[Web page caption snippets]
============
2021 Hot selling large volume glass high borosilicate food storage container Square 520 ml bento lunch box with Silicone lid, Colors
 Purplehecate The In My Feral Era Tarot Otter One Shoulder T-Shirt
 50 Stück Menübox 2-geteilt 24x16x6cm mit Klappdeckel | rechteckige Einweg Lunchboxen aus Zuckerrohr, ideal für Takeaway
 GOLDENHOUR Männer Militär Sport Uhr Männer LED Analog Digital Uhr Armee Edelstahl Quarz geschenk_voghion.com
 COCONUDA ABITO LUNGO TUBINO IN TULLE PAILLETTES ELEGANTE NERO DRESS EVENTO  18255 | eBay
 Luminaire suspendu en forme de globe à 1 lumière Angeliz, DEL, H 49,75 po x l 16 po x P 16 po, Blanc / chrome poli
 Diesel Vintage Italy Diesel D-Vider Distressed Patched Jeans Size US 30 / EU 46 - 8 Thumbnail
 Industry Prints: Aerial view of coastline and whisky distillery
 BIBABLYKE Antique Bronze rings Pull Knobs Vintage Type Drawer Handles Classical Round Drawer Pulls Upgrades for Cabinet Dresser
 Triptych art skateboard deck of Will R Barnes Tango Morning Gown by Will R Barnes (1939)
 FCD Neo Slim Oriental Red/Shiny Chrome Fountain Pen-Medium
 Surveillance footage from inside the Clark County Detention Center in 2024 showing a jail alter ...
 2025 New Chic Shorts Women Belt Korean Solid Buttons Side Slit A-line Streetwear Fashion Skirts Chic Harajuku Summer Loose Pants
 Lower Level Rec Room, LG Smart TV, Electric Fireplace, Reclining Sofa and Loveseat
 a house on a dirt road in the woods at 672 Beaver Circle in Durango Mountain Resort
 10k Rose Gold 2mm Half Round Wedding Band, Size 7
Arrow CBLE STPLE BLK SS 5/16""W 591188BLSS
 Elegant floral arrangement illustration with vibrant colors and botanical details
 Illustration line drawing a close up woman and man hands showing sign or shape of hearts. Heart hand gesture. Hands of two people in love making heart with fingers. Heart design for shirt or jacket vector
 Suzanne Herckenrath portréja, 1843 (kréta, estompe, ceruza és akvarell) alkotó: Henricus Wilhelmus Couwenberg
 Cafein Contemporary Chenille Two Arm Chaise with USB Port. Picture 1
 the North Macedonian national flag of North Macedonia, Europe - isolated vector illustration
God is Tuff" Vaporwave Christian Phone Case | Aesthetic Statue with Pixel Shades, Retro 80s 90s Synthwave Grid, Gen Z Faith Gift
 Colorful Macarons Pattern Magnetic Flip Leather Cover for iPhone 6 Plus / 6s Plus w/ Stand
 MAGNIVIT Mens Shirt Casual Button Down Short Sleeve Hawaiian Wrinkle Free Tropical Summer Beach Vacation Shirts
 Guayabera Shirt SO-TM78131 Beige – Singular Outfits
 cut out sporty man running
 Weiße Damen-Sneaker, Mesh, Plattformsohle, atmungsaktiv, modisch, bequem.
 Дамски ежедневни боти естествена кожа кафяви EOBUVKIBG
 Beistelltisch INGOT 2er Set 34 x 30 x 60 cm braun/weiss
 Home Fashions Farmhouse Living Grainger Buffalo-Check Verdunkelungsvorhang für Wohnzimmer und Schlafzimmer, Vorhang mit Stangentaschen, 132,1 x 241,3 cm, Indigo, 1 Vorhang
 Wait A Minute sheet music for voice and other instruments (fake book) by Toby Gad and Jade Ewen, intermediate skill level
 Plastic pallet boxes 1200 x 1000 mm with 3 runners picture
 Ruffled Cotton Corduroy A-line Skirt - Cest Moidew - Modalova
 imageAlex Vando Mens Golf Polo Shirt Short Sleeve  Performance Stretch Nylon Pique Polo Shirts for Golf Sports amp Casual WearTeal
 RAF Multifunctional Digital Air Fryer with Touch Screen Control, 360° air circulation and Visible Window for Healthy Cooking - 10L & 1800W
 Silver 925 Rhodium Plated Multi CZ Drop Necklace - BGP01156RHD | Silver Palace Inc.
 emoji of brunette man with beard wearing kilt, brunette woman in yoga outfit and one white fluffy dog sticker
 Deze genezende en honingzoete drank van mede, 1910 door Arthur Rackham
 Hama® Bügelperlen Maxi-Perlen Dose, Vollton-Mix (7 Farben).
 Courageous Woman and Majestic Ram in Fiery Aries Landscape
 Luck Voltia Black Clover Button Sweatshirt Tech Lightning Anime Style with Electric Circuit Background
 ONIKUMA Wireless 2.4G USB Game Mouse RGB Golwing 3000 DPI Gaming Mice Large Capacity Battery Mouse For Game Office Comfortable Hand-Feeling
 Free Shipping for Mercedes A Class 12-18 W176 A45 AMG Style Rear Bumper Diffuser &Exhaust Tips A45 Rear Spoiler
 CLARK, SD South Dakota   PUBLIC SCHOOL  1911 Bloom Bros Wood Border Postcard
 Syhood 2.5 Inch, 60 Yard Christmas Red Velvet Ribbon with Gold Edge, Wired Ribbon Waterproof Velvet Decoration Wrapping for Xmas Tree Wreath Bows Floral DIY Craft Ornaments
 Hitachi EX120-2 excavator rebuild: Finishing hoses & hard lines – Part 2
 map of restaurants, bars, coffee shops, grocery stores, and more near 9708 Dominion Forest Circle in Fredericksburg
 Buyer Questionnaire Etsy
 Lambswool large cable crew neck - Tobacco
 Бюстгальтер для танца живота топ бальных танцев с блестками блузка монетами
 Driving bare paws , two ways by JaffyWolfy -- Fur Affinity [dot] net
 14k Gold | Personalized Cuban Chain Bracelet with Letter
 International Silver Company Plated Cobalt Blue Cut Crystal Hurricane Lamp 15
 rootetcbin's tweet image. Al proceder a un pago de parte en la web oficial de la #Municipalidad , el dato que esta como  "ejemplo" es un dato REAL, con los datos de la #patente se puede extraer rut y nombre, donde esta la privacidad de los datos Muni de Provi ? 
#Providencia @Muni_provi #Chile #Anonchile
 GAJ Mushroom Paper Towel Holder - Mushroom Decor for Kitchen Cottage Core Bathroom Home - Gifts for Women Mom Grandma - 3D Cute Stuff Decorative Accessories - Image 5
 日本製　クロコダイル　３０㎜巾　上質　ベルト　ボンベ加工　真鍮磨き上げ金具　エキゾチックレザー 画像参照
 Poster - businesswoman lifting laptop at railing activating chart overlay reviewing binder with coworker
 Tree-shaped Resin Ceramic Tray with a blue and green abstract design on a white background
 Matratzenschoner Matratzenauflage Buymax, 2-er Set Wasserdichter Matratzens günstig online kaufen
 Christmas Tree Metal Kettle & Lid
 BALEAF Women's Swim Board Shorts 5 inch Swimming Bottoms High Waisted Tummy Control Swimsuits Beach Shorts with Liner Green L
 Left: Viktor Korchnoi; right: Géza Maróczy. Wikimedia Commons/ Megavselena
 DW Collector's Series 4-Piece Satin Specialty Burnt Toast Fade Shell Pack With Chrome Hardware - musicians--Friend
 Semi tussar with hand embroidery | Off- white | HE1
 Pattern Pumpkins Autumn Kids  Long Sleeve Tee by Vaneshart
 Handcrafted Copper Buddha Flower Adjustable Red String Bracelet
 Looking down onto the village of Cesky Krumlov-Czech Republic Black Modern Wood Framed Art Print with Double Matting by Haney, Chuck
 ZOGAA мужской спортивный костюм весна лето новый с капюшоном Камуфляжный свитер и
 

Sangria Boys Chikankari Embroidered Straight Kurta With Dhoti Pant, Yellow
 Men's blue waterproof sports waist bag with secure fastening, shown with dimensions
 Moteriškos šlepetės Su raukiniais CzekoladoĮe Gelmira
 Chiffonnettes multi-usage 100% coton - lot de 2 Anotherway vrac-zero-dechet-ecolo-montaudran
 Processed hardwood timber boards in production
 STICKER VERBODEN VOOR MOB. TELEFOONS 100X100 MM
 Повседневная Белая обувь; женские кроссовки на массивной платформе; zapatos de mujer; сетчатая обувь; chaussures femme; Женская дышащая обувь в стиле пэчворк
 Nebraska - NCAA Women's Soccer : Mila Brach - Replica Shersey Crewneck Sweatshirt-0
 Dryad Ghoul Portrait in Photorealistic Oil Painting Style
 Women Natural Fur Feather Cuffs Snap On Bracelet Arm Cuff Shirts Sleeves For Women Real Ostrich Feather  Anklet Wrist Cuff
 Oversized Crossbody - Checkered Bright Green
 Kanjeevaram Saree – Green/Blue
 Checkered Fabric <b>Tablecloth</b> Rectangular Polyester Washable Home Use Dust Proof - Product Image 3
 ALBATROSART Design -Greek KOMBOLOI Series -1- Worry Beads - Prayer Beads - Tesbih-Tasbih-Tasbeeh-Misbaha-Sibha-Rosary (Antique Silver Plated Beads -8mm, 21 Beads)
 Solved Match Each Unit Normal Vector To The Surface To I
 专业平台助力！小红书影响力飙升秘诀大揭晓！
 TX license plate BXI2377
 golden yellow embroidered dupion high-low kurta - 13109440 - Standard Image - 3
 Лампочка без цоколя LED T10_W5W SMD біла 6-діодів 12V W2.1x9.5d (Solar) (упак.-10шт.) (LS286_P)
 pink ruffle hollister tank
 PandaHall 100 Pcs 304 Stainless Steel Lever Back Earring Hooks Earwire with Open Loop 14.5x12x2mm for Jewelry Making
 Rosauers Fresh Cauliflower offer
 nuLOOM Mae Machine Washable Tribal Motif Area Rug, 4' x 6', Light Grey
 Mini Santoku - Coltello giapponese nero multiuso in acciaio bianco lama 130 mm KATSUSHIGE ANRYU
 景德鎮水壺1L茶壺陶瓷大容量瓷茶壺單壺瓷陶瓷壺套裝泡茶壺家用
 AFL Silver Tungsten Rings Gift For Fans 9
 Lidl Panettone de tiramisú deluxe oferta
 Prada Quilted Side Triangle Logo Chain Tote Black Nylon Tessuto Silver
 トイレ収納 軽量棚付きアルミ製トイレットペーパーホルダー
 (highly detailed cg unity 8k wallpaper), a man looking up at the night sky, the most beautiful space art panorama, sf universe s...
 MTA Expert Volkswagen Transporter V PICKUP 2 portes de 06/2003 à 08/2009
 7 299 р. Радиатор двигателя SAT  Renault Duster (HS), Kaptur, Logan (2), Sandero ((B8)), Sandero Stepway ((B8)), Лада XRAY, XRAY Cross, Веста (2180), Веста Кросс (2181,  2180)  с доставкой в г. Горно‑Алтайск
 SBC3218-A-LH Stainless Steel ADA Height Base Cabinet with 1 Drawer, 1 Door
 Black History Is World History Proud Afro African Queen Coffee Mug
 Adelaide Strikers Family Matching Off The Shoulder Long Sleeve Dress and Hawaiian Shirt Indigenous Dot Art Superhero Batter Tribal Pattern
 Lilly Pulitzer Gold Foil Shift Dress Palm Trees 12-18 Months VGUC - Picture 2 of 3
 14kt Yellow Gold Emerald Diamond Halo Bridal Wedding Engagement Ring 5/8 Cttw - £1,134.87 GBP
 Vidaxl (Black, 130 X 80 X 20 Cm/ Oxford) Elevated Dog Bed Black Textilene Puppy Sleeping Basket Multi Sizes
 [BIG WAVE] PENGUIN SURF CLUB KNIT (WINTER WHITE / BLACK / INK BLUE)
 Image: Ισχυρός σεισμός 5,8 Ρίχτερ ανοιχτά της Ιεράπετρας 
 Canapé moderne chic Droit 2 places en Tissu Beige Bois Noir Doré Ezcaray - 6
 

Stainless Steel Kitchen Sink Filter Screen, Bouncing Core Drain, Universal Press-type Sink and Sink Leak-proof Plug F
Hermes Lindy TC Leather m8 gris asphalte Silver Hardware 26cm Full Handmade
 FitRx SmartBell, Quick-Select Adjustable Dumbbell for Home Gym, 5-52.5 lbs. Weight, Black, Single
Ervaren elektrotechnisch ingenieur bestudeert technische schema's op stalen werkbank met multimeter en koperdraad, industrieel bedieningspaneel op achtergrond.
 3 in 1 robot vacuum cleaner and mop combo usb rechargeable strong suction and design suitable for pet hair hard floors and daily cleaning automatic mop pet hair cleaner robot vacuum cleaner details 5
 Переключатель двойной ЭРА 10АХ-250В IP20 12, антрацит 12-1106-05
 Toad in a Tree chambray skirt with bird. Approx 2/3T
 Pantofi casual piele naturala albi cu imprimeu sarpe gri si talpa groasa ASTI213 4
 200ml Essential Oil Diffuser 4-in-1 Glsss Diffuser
============
** Task objective **
The output should consist only of the lines from the one with "Ervaren elektrotechnisch ingenieur" through the final line of the records above, exactly.

** Solution to this exercise **
Ervaren elektrotechnisch ingenieur bestudeert technische schema's op stalen werkbank met multimeter en koperdraad, industrieel bedieningspaneel op achtergrond.
 3 in 1 robot vacuum cleaner and mop combo usb rechargeable strong suction and design suitable for pet hair hard floors and daily cleaning automatic mop pet hair cleaner robot vacuum cleaner details 5
 Переключатель двойной ЭРА 10АХ-250В IP20 12, антрацит 12-1106-05
 Toad in a Tree chambray skirt with bird. Approx 2/3T
 Pantofi casual piele naturala albi cu imprimeu sarpe gri si talpa groasa ASTI213 4
 200ml Essential Oil Diffuser 4-in-1 Glsss Diffuser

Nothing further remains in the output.